It was the Conservatives under Heath, but it's not remotely comparable. The country was undergoing rolling blackouts due to a shortage of production capacity (we were running low on coal due to strikes), so the government introduced a three-day-per-week electricity consumption cap for commercial users, in an attempt to reduce energy demand. It didn't really work.

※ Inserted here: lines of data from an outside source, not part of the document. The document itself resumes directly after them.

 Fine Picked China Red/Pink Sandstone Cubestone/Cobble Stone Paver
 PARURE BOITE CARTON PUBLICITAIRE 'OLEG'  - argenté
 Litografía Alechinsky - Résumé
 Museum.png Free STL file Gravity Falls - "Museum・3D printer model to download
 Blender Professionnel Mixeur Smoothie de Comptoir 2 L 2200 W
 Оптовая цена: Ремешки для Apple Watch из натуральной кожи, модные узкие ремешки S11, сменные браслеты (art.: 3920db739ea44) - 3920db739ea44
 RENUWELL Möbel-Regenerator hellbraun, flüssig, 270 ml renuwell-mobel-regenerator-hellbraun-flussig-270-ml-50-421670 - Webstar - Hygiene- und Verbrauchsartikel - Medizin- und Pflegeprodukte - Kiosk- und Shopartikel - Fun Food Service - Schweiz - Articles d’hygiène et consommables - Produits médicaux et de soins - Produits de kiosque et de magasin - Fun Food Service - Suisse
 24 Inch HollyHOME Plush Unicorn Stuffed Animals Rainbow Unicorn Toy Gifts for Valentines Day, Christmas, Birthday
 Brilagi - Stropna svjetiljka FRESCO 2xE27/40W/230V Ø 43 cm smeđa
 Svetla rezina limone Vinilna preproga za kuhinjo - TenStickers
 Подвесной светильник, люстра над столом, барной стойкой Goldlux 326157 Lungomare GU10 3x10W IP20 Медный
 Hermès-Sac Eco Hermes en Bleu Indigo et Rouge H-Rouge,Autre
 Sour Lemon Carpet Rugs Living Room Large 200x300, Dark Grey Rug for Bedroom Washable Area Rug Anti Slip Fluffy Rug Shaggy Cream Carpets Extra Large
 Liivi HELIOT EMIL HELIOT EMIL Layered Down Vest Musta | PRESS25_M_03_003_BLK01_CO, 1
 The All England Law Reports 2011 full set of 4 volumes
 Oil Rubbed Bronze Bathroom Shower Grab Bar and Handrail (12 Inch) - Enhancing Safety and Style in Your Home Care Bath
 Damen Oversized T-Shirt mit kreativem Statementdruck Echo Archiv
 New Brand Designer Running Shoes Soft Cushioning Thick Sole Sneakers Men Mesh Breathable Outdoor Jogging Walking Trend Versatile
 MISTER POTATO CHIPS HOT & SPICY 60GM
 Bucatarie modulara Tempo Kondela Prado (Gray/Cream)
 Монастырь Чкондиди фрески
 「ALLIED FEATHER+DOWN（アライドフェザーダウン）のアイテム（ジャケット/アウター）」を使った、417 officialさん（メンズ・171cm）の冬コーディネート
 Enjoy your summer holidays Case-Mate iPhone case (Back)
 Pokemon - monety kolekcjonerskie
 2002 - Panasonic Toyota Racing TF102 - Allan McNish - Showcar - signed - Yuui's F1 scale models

The idea of this four-day week has been around for a long time and has been trialled in several countries to some degree. It's meant to give workers a better work/life balance.
 
I don't mind taking less pay for a four day week.
This is something I think is a good approach, a more flexible work schedule as opposed to a consistent rigid one. That way you could hire on employees for X days a week and both parties would benefit as it would offer more intricate staffing solutions.
 
This is something I think is a good approach, a more flexible work schedule as opposed to a consistent rigid one. That way you could hire on employees for X days a week and both parties would benefit as it would offer more intricate staffing solutions.
I don't know about Europe but in the US this ends in a disaster unless it's a high paying, professional position. Retail in the US is a shitshow of untrained/unqualified managers and lazy employees with good people thrown to the wolves. You'd think flexible scheduling would benefit everyone but what ends up happening is the good workers are worked to death while the bad workers are given the fewest hours.
 
Asking the least motivated generation in human history to work harder will not be effective. I don't care how many properly functioning people say it's great, the vast majority of humanity needs a whip held over their head to be of any use at all. They won't see "four day work week at 10 hours a day" as anything more than "two extra hours for me to waste then I get an extra day off".
 
What the fuck sort of do-nothing job do you have if you only need to do it four days a week?
It's a bunch of shit to setup in advance if I want to only come in five days of a week instead of my usual six.
The employer will be expected to hire more people to cover the now open days.
 
I don't know about Europe but in the US this ends in a disaster unless it's a high paying, professional position. Retail in the US is a shitshow of untrained/unqualified managers and lazy employees with good people thrown to the wolves. You'd think flexible scheduling would benefit everyone but what ends up happening is the good workers are worked to death while the bad workers are given the fewest hours.
Well yes, this would apply to professions more than anything. Though retail and the like is already flexible as people decide to just vanish randomly regardless.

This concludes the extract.